Question

In the circuit shown in the figure the capacitance of each capacitor is equal to $C$ and resistance $R$. One of the capacitors was charged to a voltage ${V_0}$ ​ and then at the moment $t = 0\; $ was shorted by means of the switch S.
Find:
(a) the current in the circuit as a function of time t
(b) the amount of generated heat

Answer 1

Hint: In this solution, we will use Kirchhoff’s voltage law to determine the equation of current in the circuit. The heat generated will depend on the current in the circuit and on the value of the resistance.

Formula used:
In this solution, we will use the following formula:
- Voltage difference across resistor: $ V = iR $ where $ i $ is the current in the circuit and $ R $ is the value of the resistance
- Voltage difference across capacitor: $ V = \dfrac{Q}{C} $
- Current due to flow of charge: $ i = \dfrac{{dQ}}{{dt}} $ .

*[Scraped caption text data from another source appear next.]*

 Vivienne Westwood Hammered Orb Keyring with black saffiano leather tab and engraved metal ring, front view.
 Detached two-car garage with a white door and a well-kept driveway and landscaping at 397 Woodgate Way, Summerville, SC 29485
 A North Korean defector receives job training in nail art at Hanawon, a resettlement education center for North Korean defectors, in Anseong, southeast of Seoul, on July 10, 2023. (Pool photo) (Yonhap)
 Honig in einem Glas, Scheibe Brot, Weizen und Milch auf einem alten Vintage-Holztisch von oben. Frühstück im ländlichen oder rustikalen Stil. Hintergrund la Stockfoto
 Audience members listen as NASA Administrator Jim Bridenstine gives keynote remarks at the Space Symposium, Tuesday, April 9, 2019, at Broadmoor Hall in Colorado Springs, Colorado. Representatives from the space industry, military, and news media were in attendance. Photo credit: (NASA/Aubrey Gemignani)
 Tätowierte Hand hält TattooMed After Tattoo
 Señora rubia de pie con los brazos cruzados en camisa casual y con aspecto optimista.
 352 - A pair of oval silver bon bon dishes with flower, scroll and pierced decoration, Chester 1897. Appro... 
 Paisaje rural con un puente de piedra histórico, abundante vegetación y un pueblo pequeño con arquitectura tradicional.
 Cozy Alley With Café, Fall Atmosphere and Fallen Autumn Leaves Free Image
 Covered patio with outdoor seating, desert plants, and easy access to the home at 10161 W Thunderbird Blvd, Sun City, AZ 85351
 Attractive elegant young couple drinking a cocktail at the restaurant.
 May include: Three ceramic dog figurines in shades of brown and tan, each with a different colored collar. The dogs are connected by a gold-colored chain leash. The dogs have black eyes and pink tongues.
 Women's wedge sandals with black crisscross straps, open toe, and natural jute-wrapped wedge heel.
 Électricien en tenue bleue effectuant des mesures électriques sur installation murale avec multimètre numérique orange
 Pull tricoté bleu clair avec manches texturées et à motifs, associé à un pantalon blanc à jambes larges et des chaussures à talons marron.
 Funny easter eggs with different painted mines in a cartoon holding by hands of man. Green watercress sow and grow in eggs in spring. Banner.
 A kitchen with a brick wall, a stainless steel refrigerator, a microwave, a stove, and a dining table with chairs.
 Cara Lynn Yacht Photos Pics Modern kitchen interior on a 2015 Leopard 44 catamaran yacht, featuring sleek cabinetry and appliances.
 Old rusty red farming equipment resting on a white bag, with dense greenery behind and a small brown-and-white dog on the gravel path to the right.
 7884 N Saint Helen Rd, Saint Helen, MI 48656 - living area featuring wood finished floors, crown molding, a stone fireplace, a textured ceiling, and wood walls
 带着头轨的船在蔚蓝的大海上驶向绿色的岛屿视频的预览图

Complete step by step answer
In the circuit given to us, one of the capacitors has been charged to a voltage $ {V_0} $ . Hence its charge will be:
 $\Rightarrow {Q_0} = C{V_0} $
Now when the switch is shorted, the capacitor will flow charge in the system eventually charging the other capacitor and losing energy in the resistor.
The equation of current in the circuit can be determined from Kirchhoff’s voltage law as $ \sum {V = 0} $
For a capacitor, the voltage difference across it will be $ V = Q/C $ . Let the charge in the circuit at time $ t $ be $ Q $ . Then for the initially-charged capacitor, the voltage difference across it will be
 $\Rightarrow \dfrac{{{Q_0} - Q}}{C} $ .
And for the initially uncharged capacitor, the voltage difference will be $ \dfrac{Q}{C} $ . So, we can write the Kirchhoff’s voltage law as
 $\Rightarrow \dfrac{{{Q_0} - Q}}{C} - iR = \dfrac{Q}{C} $
As $ i = \dfrac{{dq}}{{dt}} $ , we can write
 $\Rightarrow \dfrac{{{Q_0} - 2Q}}{C} = \dfrac{{dQ}}{{dt}}R $
ON taking the charge terms on one side, we can write
 $\Rightarrow \dfrac{{dQ}}{{{Q_0} - 2Q}} = \dfrac{1}{{RC}}dt $
On integrating both sides for the charge of $ Q = C{V_0} $ to $ Q = 0 $ in time $ t = 0 $ to $ t = \infty $ , we get
 $\Rightarrow Q = \dfrac{{C{V_0}}}{2}\left( {1 - {e^{\dfrac{{ - 2t}}{{RC}}}}} \right) $
Then the current in the circuit as a function of time will be:
 $\Rightarrow i = \dfrac{{dQ}}{{dt}} $
Substituting the value of $ Q = \dfrac{{C{V_0}}}{2}\left( {1 - {e^{\dfrac{{ - 2t}}{{RC}}}}} \right) $ , we get
 $\Rightarrow i = \dfrac{{{V_0}}}{R}{e^{\dfrac{{ - 2t}}{{RC}}}} $
Hence this is the current flowing in the circuit at a time $ t $ .
Now to find the heat generated in the system, we can calculate it as
 $\Rightarrow H = \int\limits_{t = 0}^\infty {{i^2}Rdt} $
Substituting the value of $ i = \dfrac{{{V_0}}}{R}{e^{\dfrac{{ - 2t}}{{RC}}}} $ and integrating with respect to time, we get
 $\Rightarrow H = \dfrac{{V_0^2}}{R}\left[ {{e^{\dfrac{{ - 4t}}{{RC}}}}} \right]_{t = 0}^{t = \infty } \times RC $
Which gives us
 $\Rightarrow H = \dfrac{1}{4}V_0^2C $ which is the heat generated in the system.

Note: While calculating the heat generated in the system, we cannot directly multiply the time interval since the time interval is infinite which is why the heat generated has to be calculated in one small time frame and has to be integrated. We should know that in this equation, since there is no constant power input, and resistance is present, the current in the circuit will eventually decay to zero which will help us in defining the initial and final limits of the current.